* [What you are asked to do]: Give back exactly the stretch of data below from the line holding "2026 Dodge Durango" through the line holding "Skoda Octavia 2.0 TDI Ambition - 19", both ends included, and leave the remaining lines out.

* [Material to process]:
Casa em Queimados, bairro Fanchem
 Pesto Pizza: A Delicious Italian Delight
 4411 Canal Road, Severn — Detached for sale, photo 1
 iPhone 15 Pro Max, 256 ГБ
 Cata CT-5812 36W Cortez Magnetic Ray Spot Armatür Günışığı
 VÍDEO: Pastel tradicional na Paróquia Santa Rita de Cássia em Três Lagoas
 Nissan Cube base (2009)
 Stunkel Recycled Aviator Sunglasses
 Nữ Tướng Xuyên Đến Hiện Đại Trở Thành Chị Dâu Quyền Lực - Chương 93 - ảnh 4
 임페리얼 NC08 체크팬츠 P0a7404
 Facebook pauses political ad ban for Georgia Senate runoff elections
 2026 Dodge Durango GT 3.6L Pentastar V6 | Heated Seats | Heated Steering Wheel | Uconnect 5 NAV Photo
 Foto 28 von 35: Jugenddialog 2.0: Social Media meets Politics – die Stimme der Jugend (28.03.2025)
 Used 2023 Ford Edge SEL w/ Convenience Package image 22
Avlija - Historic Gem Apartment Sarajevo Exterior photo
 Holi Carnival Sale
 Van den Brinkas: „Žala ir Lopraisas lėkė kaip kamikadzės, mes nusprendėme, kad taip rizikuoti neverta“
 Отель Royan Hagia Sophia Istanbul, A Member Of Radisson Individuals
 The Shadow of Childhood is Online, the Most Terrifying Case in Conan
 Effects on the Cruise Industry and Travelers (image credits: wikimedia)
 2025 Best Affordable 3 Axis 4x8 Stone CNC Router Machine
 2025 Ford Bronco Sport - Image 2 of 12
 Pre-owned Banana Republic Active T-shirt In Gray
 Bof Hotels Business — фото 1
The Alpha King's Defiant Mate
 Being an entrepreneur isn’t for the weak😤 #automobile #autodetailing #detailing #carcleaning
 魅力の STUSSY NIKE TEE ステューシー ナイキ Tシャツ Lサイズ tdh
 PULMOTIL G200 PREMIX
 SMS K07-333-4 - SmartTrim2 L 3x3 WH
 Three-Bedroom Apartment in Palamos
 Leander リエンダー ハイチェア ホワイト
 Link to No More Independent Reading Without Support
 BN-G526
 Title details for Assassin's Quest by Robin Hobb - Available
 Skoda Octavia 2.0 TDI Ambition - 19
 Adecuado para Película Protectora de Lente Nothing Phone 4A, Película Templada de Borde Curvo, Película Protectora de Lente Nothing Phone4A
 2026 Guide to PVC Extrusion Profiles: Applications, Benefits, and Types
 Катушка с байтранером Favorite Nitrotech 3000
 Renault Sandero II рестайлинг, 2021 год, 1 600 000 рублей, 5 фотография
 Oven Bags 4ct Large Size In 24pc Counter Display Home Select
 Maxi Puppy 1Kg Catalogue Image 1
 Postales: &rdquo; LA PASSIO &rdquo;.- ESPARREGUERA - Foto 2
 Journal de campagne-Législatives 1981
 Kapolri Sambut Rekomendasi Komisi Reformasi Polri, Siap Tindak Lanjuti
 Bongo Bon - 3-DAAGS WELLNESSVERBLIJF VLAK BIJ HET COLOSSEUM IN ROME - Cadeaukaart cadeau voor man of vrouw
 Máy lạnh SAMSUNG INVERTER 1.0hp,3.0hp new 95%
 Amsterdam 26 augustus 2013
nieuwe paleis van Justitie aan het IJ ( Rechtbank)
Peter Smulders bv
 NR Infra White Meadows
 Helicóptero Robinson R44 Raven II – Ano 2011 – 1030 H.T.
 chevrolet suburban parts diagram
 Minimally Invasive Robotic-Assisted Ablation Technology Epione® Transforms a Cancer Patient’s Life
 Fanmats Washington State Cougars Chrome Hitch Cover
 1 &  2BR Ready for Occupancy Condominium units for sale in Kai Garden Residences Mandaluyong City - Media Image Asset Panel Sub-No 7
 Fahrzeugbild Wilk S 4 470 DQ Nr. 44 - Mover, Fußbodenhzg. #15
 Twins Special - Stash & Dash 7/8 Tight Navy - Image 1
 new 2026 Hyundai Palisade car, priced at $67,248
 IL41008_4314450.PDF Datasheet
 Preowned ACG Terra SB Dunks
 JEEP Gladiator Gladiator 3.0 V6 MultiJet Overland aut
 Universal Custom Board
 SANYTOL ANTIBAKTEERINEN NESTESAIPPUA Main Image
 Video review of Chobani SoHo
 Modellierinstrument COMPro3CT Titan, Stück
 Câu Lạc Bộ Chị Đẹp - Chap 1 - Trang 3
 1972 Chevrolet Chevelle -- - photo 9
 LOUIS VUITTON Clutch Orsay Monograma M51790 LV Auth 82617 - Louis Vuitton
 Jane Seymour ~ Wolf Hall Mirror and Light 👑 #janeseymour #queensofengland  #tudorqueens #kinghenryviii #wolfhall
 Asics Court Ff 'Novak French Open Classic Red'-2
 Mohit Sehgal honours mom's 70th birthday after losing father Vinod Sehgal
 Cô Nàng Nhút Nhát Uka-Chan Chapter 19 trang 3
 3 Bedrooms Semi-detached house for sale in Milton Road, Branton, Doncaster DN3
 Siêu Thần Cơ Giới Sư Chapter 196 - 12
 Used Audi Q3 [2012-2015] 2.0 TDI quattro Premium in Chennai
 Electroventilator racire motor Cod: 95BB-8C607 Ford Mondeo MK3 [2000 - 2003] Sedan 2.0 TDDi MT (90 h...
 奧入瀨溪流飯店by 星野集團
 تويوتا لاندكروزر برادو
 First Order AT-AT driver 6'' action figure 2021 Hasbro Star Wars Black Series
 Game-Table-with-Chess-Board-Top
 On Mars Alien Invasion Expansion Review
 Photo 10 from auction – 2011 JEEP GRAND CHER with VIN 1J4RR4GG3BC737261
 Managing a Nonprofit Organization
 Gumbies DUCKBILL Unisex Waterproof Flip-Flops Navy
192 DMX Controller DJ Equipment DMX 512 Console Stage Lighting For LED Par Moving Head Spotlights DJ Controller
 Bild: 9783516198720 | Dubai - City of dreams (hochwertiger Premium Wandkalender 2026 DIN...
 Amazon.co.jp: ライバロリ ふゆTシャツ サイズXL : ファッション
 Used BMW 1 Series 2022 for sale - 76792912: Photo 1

* [Your solution]:
 2026 Dodge Durango GT 3.6L Pentastar V6 | Heated Seats | Heated Steering Wheel | Uconnect 5 NAV Photo
 Foto 28 von 35: Jugenddialog 2.0: Social Media meets Politics – die Stimme der Jugend (28.03.2025)
 Used 2023 Ford Edge SEL w/ Convenience Package image 22
Avlija - Historic Gem Apartment Sarajevo Exterior photo
 Holi Carnival Sale
 Van den Brinkas: „Žala ir Lopraisas lėkė kaip kamikadzės, mes nusprendėme, kad taip rizikuoti neverta“
 Отель Royan Hagia Sophia Istanbul, A Member Of Radisson Individuals
 The Shadow of Childhood is Online, the Most Terrifying Case in Conan
 Effects on the Cruise Industry and Travelers (image credits: wikimedia)
 2025 Best Affordable 3 Axis 4x8 Stone CNC Router Machine
 2025 Ford Bronco Sport - Image 2 of 12
 Pre-owned Banana Republic Active T-shirt In Gray
 Bof Hotels Business — фото 1
The Alpha King's Defiant Mate
 Being an entrepreneur isn’t for the weak😤 #automobile #autodetailing #detailing #carcleaning
 魅力の STUSSY NIKE TEE ステューシー ナイキ Tシャツ Lサイズ tdh
 PULMOTIL G200 PREMIX
 SMS K07-333-4 - SmartTrim2 L 3x3 WH
 Three-Bedroom Apartment in Palamos
 Leander リエンダー ハイチェア ホワイト
 Link to No More Independent Reading Without Support
 BN-G526
 Title details for Assassin's Quest by Robin Hobb - Available
 Skoda Octavia 2.0 TDI Ambition - 19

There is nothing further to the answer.